# Lenze 8200 mit Profibus DP 2133 Modul ansteuern



## Toki0604 (1 August 2013)

Hallo liebe Profis der Antriebstechnik 

habe folgendes Problem:
Ich habe eine S7-300 und möchte einen Lenze 8200 FU per Profibus ansteuern.
Ich habe diverse Bausteine von Lenze (FC82, FB80 etc vom Driveserver) getestet, aber ich bekomme weder eine Fehlermeldung,
noch eine Funktion am FU. Ich habe die Hardwarekonfig mit GSD Datei für das 2133 Modul übertragen, seitens der CPU auch kein
Fehler und der FU ist im Profibus... Seitens der Software habe ich auch keinen Peripheriezugrifffehler o.ä.
Ich vermute das die Parameter die im Frequenzumrichter eingestellt werden nicht korrekt sind.
Finde in meinen Unterlagen und online so einige Beschreibungen wie die Bausteine anzuwenden sind,
aber nirgends stehen Angaben zu den FU-Parametern die einzustellen sind.
Daher meine Vermutung das hier der Bock drin ist.
Hat einer von euch Unterlagen dazu, oder kann mir da ein paar Tips / Erklärungen geben?

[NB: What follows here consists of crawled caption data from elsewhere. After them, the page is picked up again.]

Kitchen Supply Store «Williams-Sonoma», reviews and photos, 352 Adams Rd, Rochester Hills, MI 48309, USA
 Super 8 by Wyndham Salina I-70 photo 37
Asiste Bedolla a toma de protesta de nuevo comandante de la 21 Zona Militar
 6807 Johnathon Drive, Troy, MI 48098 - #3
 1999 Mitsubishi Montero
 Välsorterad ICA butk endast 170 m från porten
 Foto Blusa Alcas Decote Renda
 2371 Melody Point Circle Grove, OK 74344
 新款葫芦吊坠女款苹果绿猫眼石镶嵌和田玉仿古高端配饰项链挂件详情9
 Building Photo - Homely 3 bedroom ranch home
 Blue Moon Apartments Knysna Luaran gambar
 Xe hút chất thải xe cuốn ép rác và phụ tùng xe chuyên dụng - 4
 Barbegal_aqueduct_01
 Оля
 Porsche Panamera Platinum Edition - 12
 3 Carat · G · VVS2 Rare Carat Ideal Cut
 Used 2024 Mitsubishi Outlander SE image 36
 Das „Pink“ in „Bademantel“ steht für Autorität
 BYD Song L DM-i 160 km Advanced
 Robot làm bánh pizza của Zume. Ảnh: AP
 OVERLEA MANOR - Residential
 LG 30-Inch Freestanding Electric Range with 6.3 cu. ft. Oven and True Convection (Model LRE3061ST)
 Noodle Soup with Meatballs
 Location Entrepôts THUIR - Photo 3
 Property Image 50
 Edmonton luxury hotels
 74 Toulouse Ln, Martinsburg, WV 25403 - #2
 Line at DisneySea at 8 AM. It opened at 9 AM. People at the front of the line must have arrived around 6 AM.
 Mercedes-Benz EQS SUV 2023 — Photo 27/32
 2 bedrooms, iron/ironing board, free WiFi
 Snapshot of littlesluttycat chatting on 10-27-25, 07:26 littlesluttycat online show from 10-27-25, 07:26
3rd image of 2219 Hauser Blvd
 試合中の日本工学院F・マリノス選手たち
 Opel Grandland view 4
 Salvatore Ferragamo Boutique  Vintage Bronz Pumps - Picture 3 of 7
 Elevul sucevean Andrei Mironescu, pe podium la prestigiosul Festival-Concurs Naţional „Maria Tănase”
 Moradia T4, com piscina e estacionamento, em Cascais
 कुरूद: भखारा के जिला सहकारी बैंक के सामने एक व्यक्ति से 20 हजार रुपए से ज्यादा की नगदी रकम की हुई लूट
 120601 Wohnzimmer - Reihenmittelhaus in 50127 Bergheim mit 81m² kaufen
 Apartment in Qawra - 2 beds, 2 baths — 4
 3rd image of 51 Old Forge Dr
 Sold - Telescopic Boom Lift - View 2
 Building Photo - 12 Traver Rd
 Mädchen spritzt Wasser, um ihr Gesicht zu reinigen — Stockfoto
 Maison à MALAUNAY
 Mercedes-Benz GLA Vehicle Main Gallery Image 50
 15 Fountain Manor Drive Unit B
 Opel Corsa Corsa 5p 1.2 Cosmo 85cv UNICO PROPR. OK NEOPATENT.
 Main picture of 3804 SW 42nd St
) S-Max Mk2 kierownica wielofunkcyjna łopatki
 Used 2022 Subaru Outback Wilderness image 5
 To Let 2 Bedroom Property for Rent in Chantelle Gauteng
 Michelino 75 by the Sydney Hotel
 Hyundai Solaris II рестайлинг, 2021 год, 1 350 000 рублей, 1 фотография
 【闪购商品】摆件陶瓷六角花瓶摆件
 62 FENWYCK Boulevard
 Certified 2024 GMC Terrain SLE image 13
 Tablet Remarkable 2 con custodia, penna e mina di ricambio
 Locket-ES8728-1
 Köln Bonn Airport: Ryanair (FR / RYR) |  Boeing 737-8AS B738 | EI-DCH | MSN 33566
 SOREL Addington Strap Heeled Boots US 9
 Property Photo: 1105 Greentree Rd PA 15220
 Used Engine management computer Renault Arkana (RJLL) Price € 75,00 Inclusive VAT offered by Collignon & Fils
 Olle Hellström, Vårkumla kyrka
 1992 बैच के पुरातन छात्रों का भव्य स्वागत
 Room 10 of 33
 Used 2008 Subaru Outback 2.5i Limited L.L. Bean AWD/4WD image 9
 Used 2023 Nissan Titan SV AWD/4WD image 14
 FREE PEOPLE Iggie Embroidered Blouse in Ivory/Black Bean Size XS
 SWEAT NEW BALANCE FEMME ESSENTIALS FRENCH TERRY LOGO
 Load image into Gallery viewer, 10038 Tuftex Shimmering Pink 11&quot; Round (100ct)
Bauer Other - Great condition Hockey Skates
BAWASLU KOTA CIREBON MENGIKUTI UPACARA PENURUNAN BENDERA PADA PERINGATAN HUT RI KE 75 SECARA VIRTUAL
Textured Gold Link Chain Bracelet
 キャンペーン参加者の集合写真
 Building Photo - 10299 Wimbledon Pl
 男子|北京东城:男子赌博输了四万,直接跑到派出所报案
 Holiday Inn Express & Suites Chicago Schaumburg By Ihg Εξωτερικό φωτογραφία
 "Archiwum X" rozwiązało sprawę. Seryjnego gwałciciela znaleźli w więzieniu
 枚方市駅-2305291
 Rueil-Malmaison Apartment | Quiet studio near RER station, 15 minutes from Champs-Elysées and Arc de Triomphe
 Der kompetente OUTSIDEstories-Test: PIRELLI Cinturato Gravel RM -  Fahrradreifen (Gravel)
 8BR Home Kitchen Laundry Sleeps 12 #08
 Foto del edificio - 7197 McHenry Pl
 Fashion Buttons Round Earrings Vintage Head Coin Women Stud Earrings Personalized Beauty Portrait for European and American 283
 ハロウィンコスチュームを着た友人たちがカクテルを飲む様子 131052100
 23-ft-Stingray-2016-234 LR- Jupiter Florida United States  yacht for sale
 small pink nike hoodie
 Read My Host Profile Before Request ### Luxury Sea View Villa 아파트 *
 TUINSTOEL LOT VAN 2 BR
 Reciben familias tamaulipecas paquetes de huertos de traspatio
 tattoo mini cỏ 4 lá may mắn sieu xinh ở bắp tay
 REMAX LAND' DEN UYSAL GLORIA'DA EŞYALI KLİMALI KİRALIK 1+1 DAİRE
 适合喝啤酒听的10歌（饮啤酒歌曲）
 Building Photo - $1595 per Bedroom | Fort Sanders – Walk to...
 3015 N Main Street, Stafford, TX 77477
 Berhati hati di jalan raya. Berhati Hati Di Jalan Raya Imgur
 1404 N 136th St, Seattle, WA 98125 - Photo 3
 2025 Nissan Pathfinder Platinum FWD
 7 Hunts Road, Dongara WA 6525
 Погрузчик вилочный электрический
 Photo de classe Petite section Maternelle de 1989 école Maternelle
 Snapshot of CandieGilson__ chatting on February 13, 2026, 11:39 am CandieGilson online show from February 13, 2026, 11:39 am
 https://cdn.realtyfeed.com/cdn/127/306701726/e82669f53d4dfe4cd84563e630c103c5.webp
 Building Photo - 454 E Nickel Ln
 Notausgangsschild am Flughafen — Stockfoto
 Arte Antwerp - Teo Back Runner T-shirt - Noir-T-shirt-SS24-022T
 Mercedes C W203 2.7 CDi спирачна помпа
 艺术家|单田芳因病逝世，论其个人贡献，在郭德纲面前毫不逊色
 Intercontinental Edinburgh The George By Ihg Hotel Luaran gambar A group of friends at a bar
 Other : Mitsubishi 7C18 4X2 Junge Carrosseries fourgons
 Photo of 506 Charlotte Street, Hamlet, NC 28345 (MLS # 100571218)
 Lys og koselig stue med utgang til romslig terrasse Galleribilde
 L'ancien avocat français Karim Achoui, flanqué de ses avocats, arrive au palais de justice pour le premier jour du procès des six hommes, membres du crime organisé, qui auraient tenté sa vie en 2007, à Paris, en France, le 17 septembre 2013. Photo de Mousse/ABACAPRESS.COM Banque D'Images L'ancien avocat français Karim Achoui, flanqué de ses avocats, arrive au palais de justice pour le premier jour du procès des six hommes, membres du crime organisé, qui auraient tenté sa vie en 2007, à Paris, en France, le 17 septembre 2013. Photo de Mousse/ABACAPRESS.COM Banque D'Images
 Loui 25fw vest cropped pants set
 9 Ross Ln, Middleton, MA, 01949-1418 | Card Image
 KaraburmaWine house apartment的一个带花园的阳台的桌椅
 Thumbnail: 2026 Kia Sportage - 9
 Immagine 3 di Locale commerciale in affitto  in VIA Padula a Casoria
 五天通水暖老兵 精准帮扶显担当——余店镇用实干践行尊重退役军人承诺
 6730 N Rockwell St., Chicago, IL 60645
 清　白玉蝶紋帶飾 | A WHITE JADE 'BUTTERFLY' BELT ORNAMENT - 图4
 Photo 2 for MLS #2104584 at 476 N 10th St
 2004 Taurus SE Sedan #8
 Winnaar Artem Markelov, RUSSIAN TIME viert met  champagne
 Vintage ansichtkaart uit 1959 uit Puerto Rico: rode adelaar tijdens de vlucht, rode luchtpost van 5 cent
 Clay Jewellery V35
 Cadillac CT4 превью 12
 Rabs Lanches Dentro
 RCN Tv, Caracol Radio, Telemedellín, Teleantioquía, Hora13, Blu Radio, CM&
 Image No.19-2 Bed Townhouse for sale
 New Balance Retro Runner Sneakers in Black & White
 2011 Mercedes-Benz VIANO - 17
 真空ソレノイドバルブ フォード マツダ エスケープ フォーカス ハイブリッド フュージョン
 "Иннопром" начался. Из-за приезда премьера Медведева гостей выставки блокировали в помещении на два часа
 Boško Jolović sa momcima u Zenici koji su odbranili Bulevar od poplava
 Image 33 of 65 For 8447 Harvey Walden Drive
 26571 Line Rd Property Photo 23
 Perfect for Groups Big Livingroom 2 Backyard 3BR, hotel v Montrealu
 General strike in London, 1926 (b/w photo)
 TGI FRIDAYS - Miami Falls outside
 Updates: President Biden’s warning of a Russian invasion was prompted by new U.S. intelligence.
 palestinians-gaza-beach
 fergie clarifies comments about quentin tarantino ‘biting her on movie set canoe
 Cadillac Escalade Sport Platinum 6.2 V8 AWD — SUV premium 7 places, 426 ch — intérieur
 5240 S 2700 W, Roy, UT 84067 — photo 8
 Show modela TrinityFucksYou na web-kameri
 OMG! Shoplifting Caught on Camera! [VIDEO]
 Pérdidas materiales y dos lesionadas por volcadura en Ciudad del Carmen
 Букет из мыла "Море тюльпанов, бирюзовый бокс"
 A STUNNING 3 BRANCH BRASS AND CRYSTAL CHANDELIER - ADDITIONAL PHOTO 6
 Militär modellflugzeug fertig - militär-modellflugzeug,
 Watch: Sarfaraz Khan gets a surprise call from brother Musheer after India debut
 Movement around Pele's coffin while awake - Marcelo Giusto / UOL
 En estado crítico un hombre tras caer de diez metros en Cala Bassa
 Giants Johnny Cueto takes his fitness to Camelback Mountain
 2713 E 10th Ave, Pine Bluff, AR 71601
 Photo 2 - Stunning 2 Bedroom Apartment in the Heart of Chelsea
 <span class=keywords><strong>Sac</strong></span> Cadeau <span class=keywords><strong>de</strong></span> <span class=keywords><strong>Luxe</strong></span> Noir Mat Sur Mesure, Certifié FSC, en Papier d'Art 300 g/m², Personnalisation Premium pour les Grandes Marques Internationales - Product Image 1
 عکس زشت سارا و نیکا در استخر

Möchte Drivecom-Profil benutzen,vielleicht mit Par(Kons.) + PZD(1bis4W),
weil das in anderen Anlagen von uns auch verwendet wurde.

(Die Eingaben dort zu kopieren/auslesen hat zum Einen nicht funktioniert, zum Anderen möchte ich verstehen was ich tue... ;-) )

Danke, Gruß
Torsten


----------



## Per (1 August 2013)

*Lenze 8200*

Hallo Torsten,

Dokumentation habe ich so auch nicht und es ist schon lange her  das ich einen 8200V am Profibus INB habe.

Auf der Umrichterseite Parammeter C0001 = Betriebsart auf 3 = AIF Busmodul eingestellt ?

Da ja das 2233 Profibusmodul oben auf der AIF Schnittstelle was hast du unten auf der FIF Schnittstelle ? Wegen Reglerfreigabe

Gruß Per


----------



## Toki0604 (1 August 2013)

Hi Per,

C0001 ist auf 3 gestellt. Auf der FIF Schnittstelle habe ein Standard-PT Modul.
Das habe ich auf interne 24 V verdrahtet.  7 auf 39 0V-Brücke und 20 auf 28 gebrückt für die RFG.
Aber ich habe die Doku so verstanden das bei C0001=3 die FIF Schnittstelle nicht ausgewertet wird...

Gruß, Torsten


----------



## Toki0604 (1 August 2013)

Das dumme ist wohl derzeit das ich mir weder beim S7 Programm noch beim FU wirklich sicher bin, sein kann.
Beim S7 Programm bin ich mir zwar relativ sicher, weil ich momentan einen sehr einfachen Baustein aus einem anderen
funktionierenden Projekt verwendet habe, aber 100% sind das nun auch wieder nicht. 
Ob man dafür im Zweifel den Lenze-Service (Hotline) anrufen kann / soll 
Hoffe allerdings erst mal hier auf eine Lösung.

Gruß, Torsten


----------



## SoftMachine (2 August 2013)

Toki0604 schrieb:


> ... aber nirgends stehen Angaben zu den FU-Parametern die einzustellen sind.
> Daher meine Vermutung das hier der Bock drin ist.
> Hat einer von euch *Unterlagen* dazu, oder kann mir da ein paar
> Tips / Erklärungen geben?
> ...



Hi Torsten,
Unterlagen und Handbücher habe ich bei Lenze stets
auf der Downloadseite gefunden, z. B.  HIER
und mit der Beschreibung DORT sowie dem Handbuch des 8200.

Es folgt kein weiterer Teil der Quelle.